5–7: The Alchemical's movements and speech become clipped and laconic for greater efficiency. She no longer pities mortals for their imperfections, correctly recognizing pity as a waste of cognitive function. In short, she is notably inhuman. Emotional needs are taken into account only for motivational purposes. Mistakes meet with prompt chastisement and punishment if possible, or the prompt filing of disciplinary reports with the defective mortal's superiors otherwise. The thrum and boom of distant gears sometimes impresses itself on the Alchemical in her dreams. All bonuses and penalties from the previous stage double at this level. The Alchemical may no longer sustain emotional Intimacies to broad social groups at all. Such Intimacies may remain only if they are valued for strategic import alone. Antagonistic Intimacies at this level of Clarity may be sustained only if the subject of the Intimacy is a serious, ongoing threat to the Alchemical or her goals. Emotional Intimacies of friendship may be retained only if this friendship is of material benefit to the Alchemical.

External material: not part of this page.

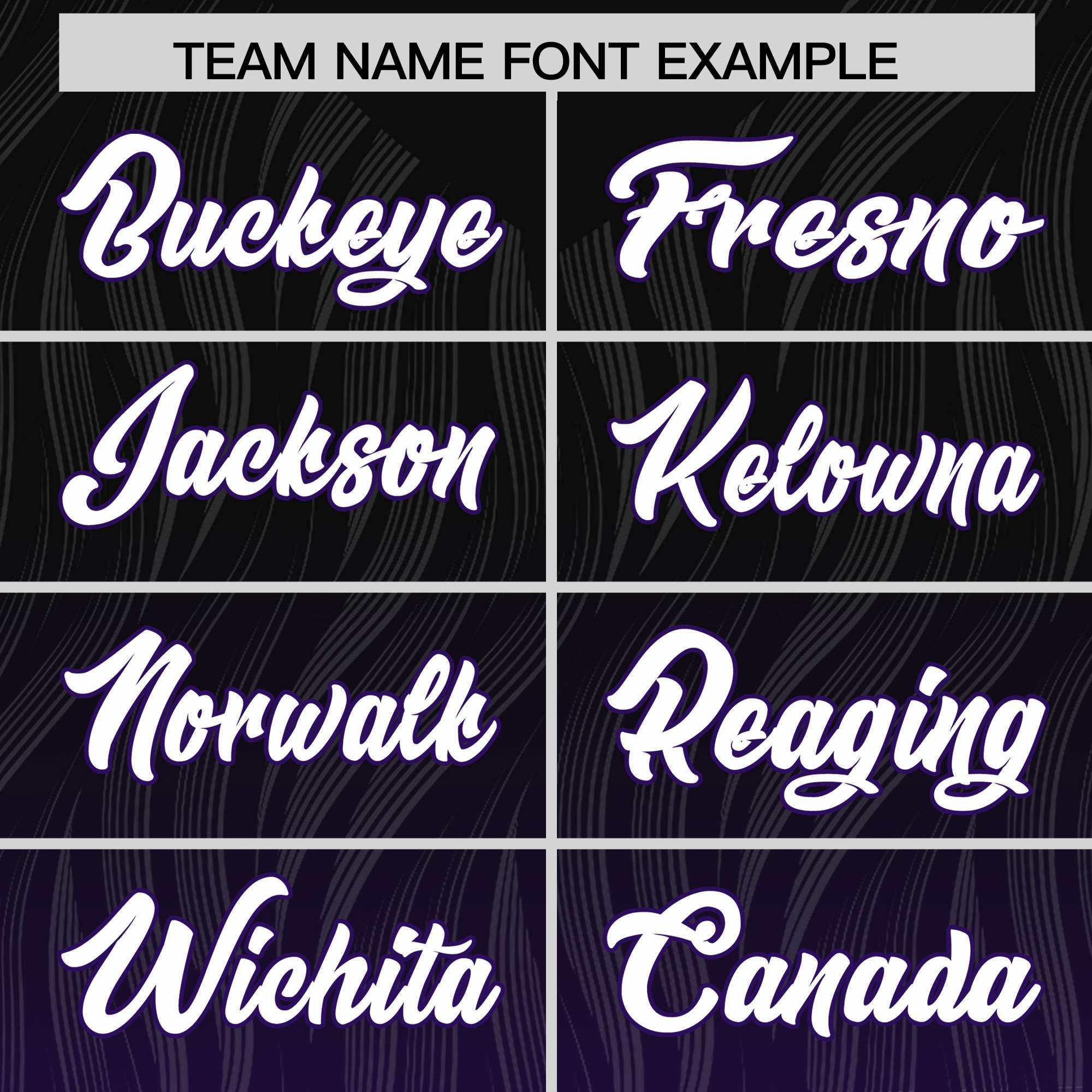 Custom Black Purple Gradient Fashion Outdoor Authentic American Football Jersey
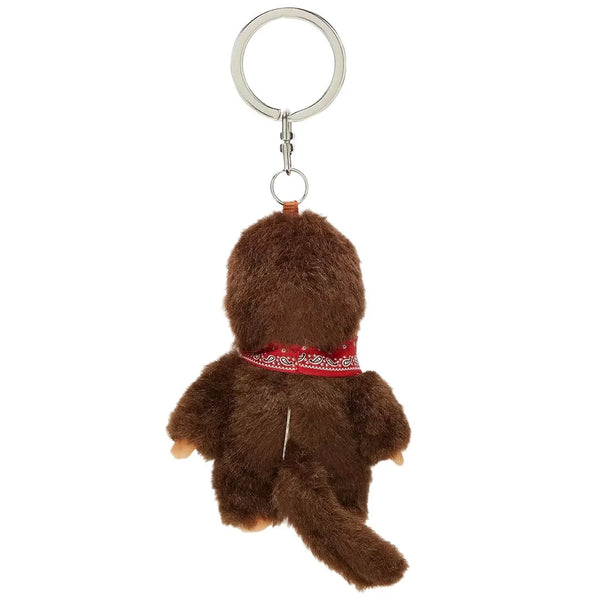 Monchhichi Bandana Boy Keychain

8–9: The Exalt has progressed beyond humanity, able to look back on it as a necessary but regrettably imperfect phase of her evolution. When absolutely necessary, she can present a façade of polite courtesy to facilitate expedient interaction with less enlightened minds. Her dreams are full of the crystalline hum of the Machine God's logic processes, and this stream of autonomic data sometimes impresses itself on her waking mind. Internal penalties and bonuses rise to three dice, and the Exalt gains a situational bonus die to all Mental Attribute or Temperance rolls involving memory, analytical deduction or dispassionate self-control. The Alchemical may now retain emotional Intimacies of friendship only if such ties directly support her Motivation. Intimacies based on love disappear at this range of Clarity unless the relationship is of material benefit to the Alchemical.
10: The Alchemical's voice carries occasional undertones of multilayered harmony, indicating her perfect synchronization with the Design of Autochthon. Her eyes are glassy, amorally regarding the world as an array of pure variables swirling around the goals she has set for herself. Humans receive no more consideration or priority in such calculations than any other piece of data. Social penalties and bonuses rise to four dice, while mental bonuses rise to three dice. All Compassion rolls made for the Exalt automatically fail. The Alchemical may sustain no emotional Intimacies at all. Groups, objects, nations and individuals are valued only for their utility in fulfilling the Exalt's Motivation. Grand Autocrat Kerok of Yugash might be retained as an Intimacy, for example, but only because he is an unusually effective leader and policy maker, and extraordinary measures should thus be taken to see that he is preserved.